➥ CASE SUMMARY OF:
Hajia Yinusa Bakari v. Felicia Arinola Ogundipe & Ors. (2020) – SC
by “PipAr” Branham-Paul C. Chima, SAL.
Supreme Court – SC.514/2015
➥ JUDGEMENT DELIVERED ON:
Friday, March 13, 2020
➥ AREA(S) OF LAW
Status of the FCT;
Signing of a statement of claim.
➥ PRINCIPLES OF LAW
⦿ WHERE COUNSEL NOT PRESENT, BRIEF WILL BE TAKEN AS ADOPTED
At the hearing of the Appeal on 16 December, 2019 the Appellant was absent and unrepresented. His brief was taken as adopted. — O. Rhodes-Vivour, JSC.
⦿ A RESPONDENT CANNOT ATTACK THE DECISION OF A LOWER COURT EXCEPT THROUGH CROSS APPEAL
When this Appeal was heard on 16 December, 2019, learned counsel for the 2nd and 3rd Respondents, D. Ameh informed the Court that his brief was irregular. He did not say how his brief was irregular. Rather than defend the judgment of the Court of Appeal, the 2nd and 3rd Respondents filed a joint brief attacking the judgment. In their conclusion they pray this Court to set aside the judgment of the Court of Appeal and in its place restore the judgment of the trial Court dismissing the claims of the 1st Respondent. Their role is fundamentally wrong. Their prayer ought to be for this Court to dismiss the Appeal. Since the 2nd and 3rd Respondents abandoned their role as Respondents’, their joint brief would not be considered. It is hereby struck out. — O. Rhodes-Vivour, JSC.
⦿ A RESPONDENT IS TO DEFEND THE JUDGEMENT ON APPEAL
A Respondent’s role in an Appeal is to defend the judgment on Appeal, and not attack it. On the other hand, it is duty of the Appellant to attack the judgment. After all he filed the Appeal because he believes it is wrong. If a Respondent is not satisfied with the judgment on Appeal he should file a Cross Appeal or Respondents Notice.

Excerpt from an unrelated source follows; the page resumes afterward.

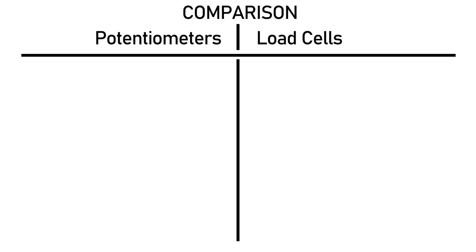Hello everyone. Today I've come up with a video that I've been wanting to do for a long time, so I can link to people when they ask me which one I think is quicker: a potentiometer-based pedal or a load cell-based pedal. Let's get into it.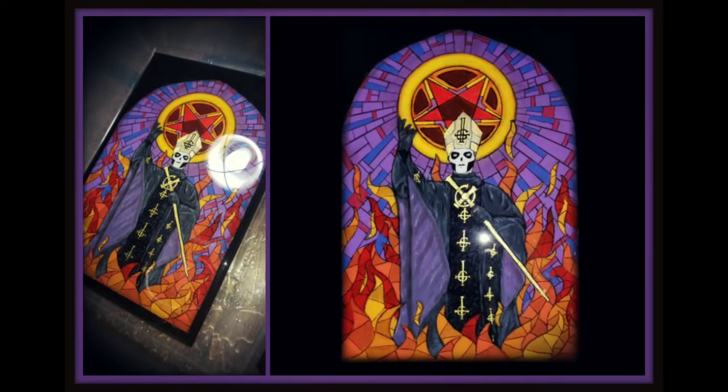Здравствуй, my name is Slavski and welcome back to my art channel. Today I will show you how I created this stained glass Papa Emeritus III painting on wood. I hope you enjoy.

See New Nig Bank PLC v Egun (2001) 7 NWLR (Pt. 711) p.1 and Ibe v Onuorah (1999) 14 NWLR (Pt. 638) p. 340. It must be noted, though that a Cross Appeal and a Respondents Notice cannot co-exist. — O. Rhodes-Vivour, JSC.
⦿ THE FEDERAL CAPITAL TERRITORY ABUJA HAS THE STATUS OF A STATE
By virtue of the provisions of Section 299 of the Constitution, it is so clear that Abuja, the Federal Capital of Nigeria has the status of a State. It is as if it is one of the States of the Federation. The 2nd Respondent, i.e. the Minister of the Federal Capital Territory, though a Minister of the Federal Government occupies a similar position of Governor of a State, since Abuja is classified as a State by Section 299 of the Constitution. The 2nd Respondent is thus the Chief Executive of the Federal Capital Abuja. The Federal Capital Development Authority i.e. the 3rd Respondent is established by Section 3 of the Federal Capital Territory Act. It is a Governmental Agency of the Federal Territory, Abuja. It is the actions of the 2nd and 3rd Respondents that are challenged. They are both agents of the Federal Capital Territory, Abuja, which has the status of a State. They are not agencies of the Federal Government of Nigeria. — O. Rhodes-Vivour, JSC.
⦿ PROCEDURAL WAIVER
The law is very well settled that counsel may waive a defect in procedure which is procedural law. What is waiver and what are the consequences when counsel waives his right? Waiver is the intentional and voluntary abandonment of a right. It is either express or implied from conduct. Where a party has waived his right to insist that the correct procedure must be followed, he cannot later on appeal, resile and complain of what he has waived. Put in another way, a right that has been waived is lost. The reasoning being that once the other party acts upon the waiver, the party waiving the right can no longer go back on the waiver and act as if it was never waived. See Ariori & Ors v Elemo & Ors (1983) 14 NSCC P.1; Chief John Eze v Dr. C.I. Okechukwu & 7 Ors (2002) 14 SCM p.105. — O. Rhodes-Vivour, JSC.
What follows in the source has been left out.